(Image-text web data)
↓↓↓

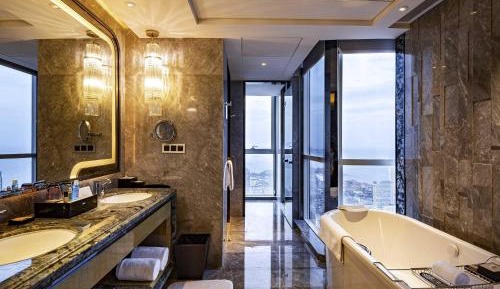 Premium Deluxe King Suite with Sea View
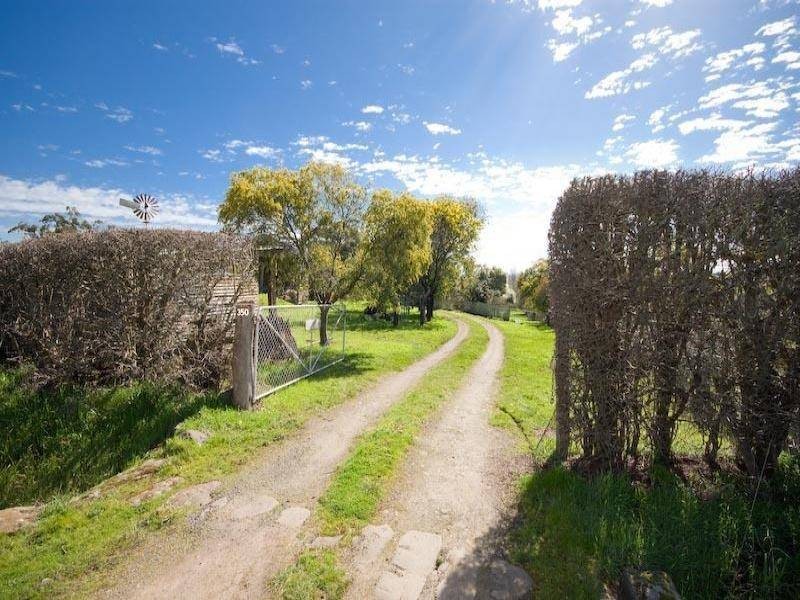 350 Lauriston Reservoir Road, Kyneton VIC 3444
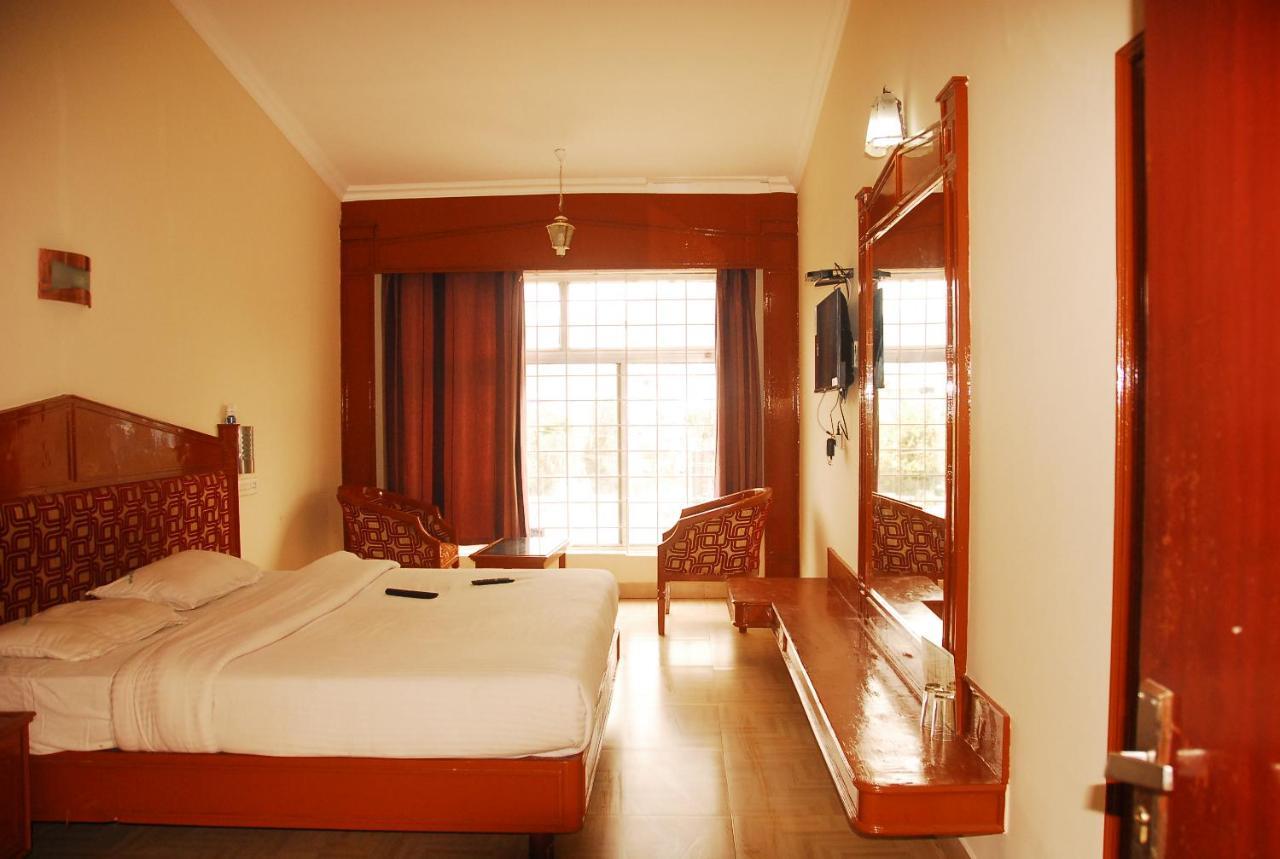 Hotel Sapphire Garden View Ooty Eksteriør billede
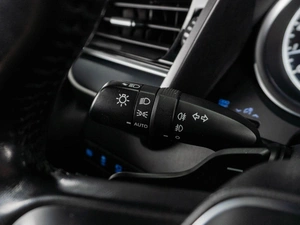 Седан Toyota Camry 2018 года, 2999000 рублей, Тюмень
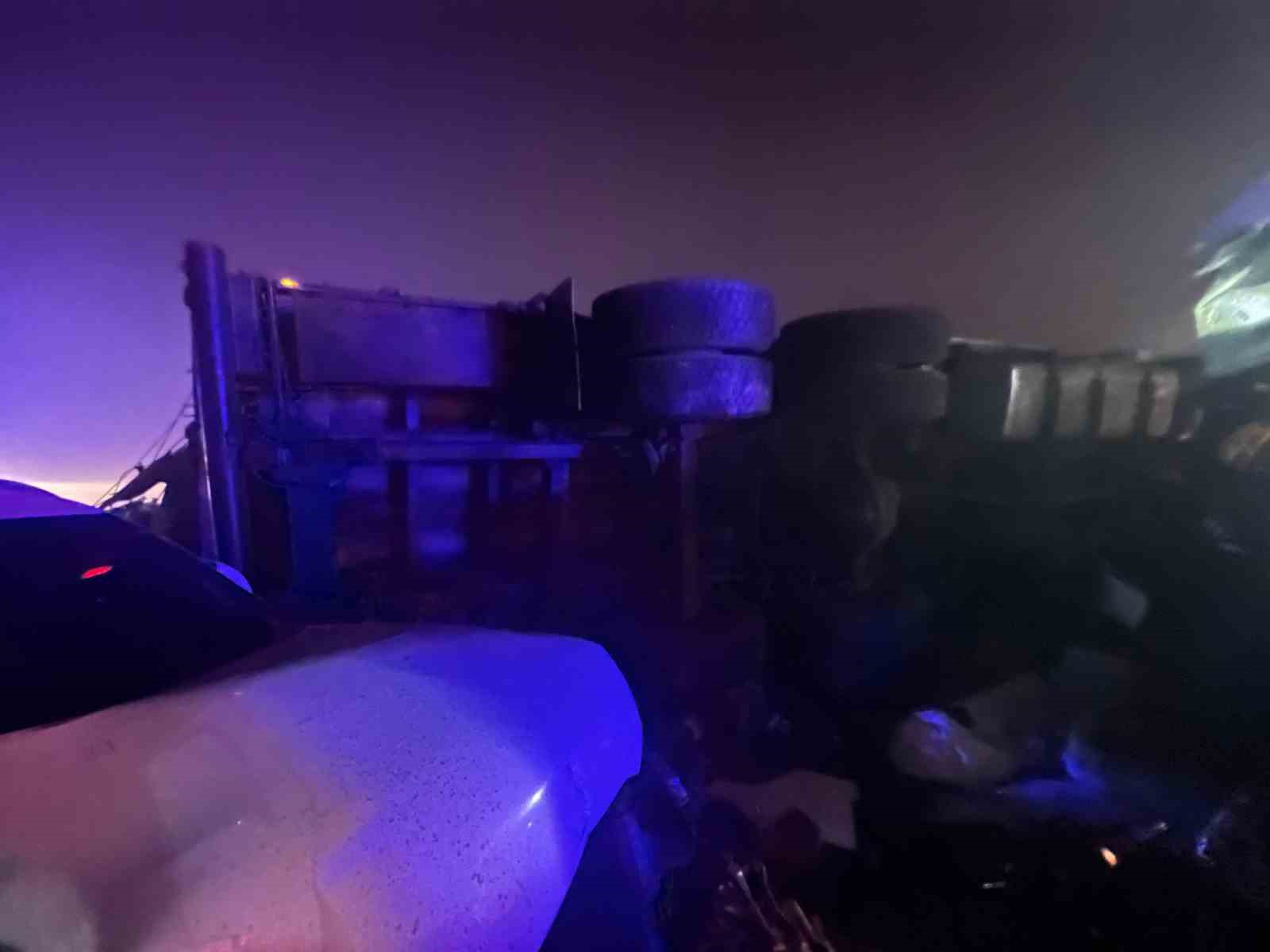 sivasta zincirleme trafik kazasi 8 yarali 1 FHrKSKIZ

↑↑↑

§ REQUIREMENT:
Each record above must be set down again unchanged, with its pictures left out.

§ FINISHED EXERCISE:
 Premium Deluxe King Suite with Sea View
 350 Lauriston Reservoir Road, Kyneton VIC 3444
 Hotel Sapphire Garden View Ooty Eksteriør billede
 Седан Toyota Camry 2018 года, 2999000 рублей, Тюмень
 sivasta zincirleme trafik kazasi 8 yarali 1 FHrKSKIZ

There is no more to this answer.